味皇さまバンザイ !

「うまいぞぉぉぉ!」で有名な味皇さまに敬意を表し、「美味なる」場所と音楽のWebログ。

和幸・目白

2008年11月02日 | Weblog
こんなところにというほど、目白の住宅街の一角に佇む茶事懐石の名店「和幸」。
昨年、ミシュランで二つ星を獲得したが、そんなことにはお構いなくこれまでも、そしてこれからも変わらないお店と思う。

辻留出身のご主人の料理は、確認するのを忘れたが、15,6年前のまだ光輝いていた辻留の頃の風合いを感じた。ひょっとするとあの味は高橋さんの味だったのかもしれない。共通するのは、素材を正確にど真ん中に据えた料理。
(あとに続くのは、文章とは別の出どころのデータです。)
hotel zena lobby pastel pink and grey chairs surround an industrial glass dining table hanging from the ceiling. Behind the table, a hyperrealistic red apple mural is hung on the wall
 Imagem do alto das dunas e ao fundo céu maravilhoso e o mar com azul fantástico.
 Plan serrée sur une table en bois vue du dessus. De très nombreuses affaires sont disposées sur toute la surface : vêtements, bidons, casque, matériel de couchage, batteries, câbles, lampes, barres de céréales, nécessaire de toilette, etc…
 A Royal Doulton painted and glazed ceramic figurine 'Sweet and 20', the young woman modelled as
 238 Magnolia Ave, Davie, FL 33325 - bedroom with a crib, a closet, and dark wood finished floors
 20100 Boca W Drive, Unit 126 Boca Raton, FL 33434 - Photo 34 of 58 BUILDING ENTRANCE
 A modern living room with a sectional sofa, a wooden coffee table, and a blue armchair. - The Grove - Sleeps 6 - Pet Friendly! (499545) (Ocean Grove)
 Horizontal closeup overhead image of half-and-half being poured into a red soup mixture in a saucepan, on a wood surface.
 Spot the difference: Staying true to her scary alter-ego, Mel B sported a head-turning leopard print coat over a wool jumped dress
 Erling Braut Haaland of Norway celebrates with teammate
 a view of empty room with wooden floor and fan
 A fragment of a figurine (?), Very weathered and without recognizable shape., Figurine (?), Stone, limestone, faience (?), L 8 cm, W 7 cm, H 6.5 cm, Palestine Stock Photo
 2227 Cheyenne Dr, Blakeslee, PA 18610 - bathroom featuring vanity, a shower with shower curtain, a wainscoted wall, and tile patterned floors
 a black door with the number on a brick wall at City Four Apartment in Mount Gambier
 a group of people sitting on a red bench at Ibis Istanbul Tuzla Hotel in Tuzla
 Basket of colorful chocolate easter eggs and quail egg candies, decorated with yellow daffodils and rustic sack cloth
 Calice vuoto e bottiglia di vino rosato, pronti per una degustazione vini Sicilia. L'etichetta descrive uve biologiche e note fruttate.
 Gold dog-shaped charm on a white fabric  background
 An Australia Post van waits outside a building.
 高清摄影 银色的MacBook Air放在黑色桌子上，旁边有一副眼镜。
料理というものが創意工夫の高見を常に目指し続けている中で、まさに「不易流行」を最高の境地とする料理のあり方を目さしたものだと僕は考えている。
旬の最高の素材を使い、それがもっとも自然にもっともおいしく味わえる料理法を愚直に探求し、無駄と虚飾を排した直球ど真ん中の料理がこの店、そして古き良き辻留が目指していたものではないかと思う。
すばらしい創意工夫に感動することの方が楽しいしまた喜びも大きいもの確かだが、たまにはこうした超正統派のある種何の変哲もない真っ当な「料理」を食べることも、きわめて得難い感動があるものだ。

お値段は決して安くないが、ご主人がご高齢であることもあり、今のうちに確かめておいて欲しい味である。